Follow the River.......
Historical Recollections by Lula Mae Stewart
Contributed by the Greenwood Public Library, Transcribed by Janet Schwarze
The Clark Store
First Roads
One of the things the community needed most was roads. In l907 one of the first roads was cut and built from the settlement to County Trunk T. The families worked to build the roads and bridges. Without roads and bridges these families suffered many hardships in trying to travel from their homes to town. Think of how easy we have it now compared to what it was like back then. In 1905 a resident of the community passed away on the west side of the river, the ice broke up early that year so there was not only no road but no ice to take the coffin across the river. A Mr. Venet put the coffin in a boat and poled his way across the swollen river where it was laid to rest. How brave this man must have been as Black River can be very treacherous in the spring. My father told me this story many times.
With railroads now providing transportation for wood and timber the little settlement began to consider building a mill. Charles Very and Ed Smith two of the boosters of the community started to build a mill. I believe this was in 1912. Also that same year the men petitioned the Soo Line to put in a spur track to the mill. The Soo Line approved their petition and the men cut down a hill and filled a ditch for the right of way. The work was done free of charge by the men in the community. After the right of way was cleared the Soo Line laid the necessary track.

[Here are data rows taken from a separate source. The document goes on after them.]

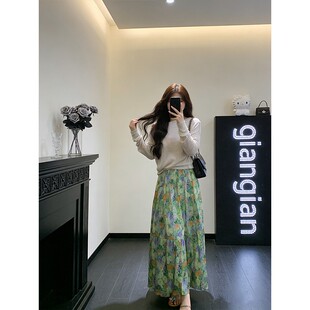 �紺�nϵ�Շ��д�����һ����ᘿ����ɾo���黨����ȹ��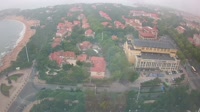 Qingdao - Fushansuo Bay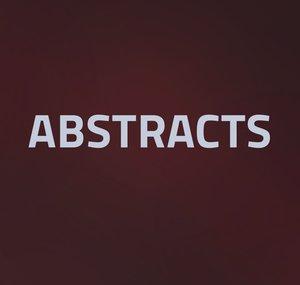 SynergyAbstracts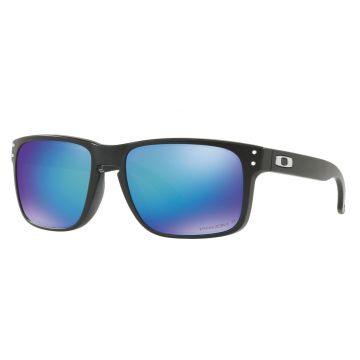 Oakley Holbrook OO 9102 F0 Sonnenbrille Oakley Holbrook OO 9102 F0 Sonnenbrille
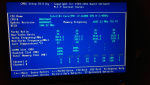 ForumRunner_20140117_195041.png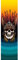 Powell Anderson Wide Grip Tape, 10,5 x 33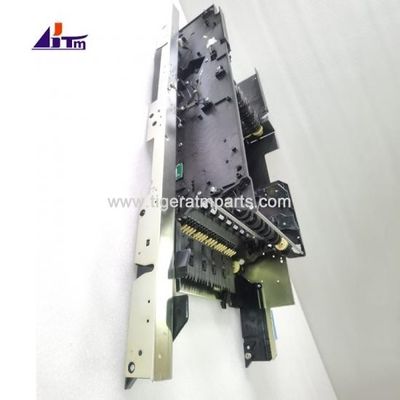 Diebold Nixdorf piezas de la máquina ATM DN200 HCT cabeza chasis transporte 1750291697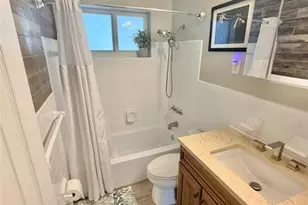 729 NW 29th Ct, Wilton Manors, FL 33311 - Photo 16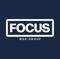 focus-web-group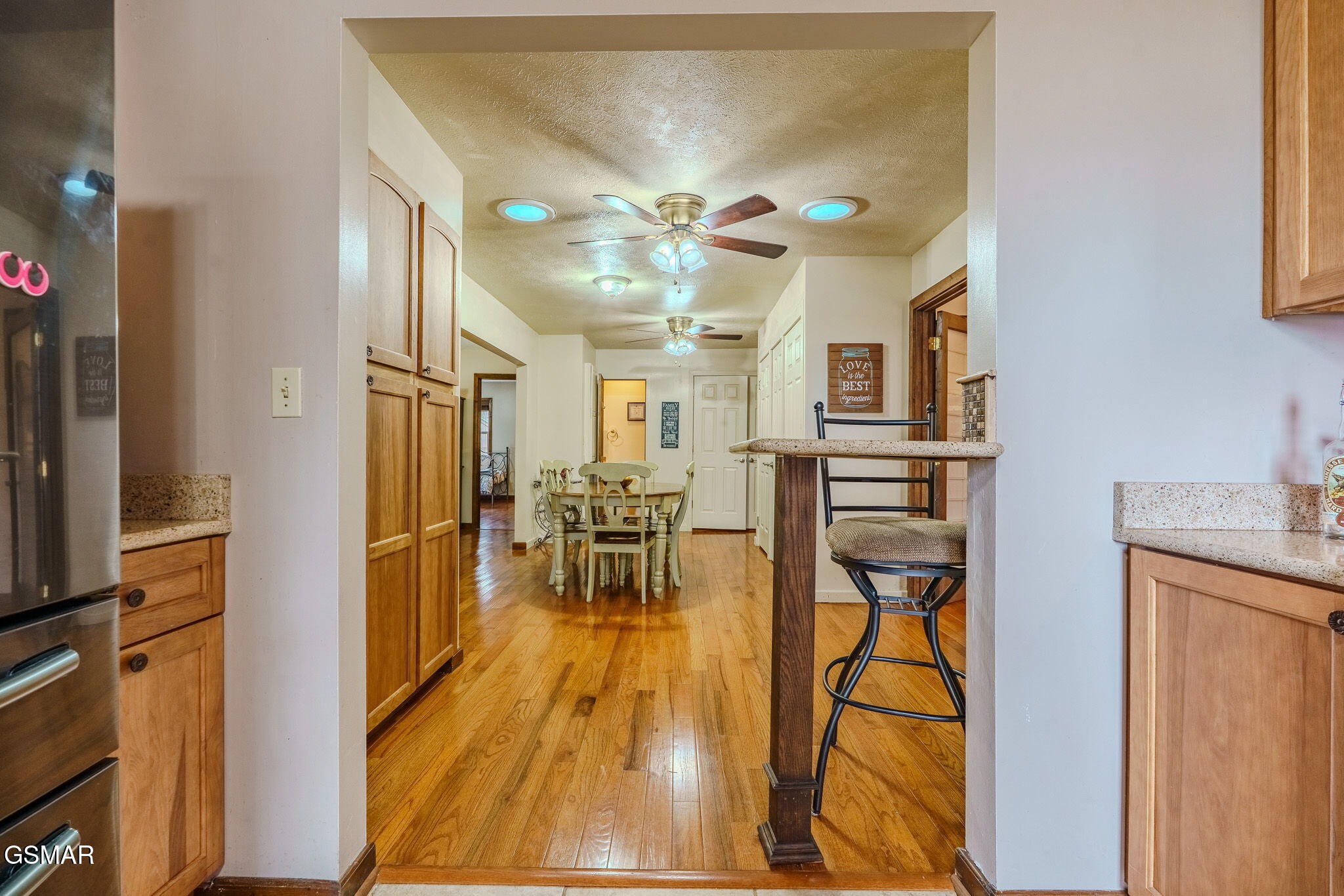 1501 Walt Price Road Sevierville TN 37876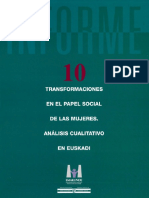 informe.10.transformaciones.papel.social.mujeres.cas.pdf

Ed Smith moved and built bunk houses and a cook shack for the mill crew. He also built barns for the horses needed in the mill and woods. The new mill opened up new jobs and brought in more settlers. The little community grew to about seventeen families. Most of the men worked in the mills in summer and in winter they worked in the woods to supplement their income. The growing community already had a store and a tavern which Ed Smith had built for James Shannon in 1911.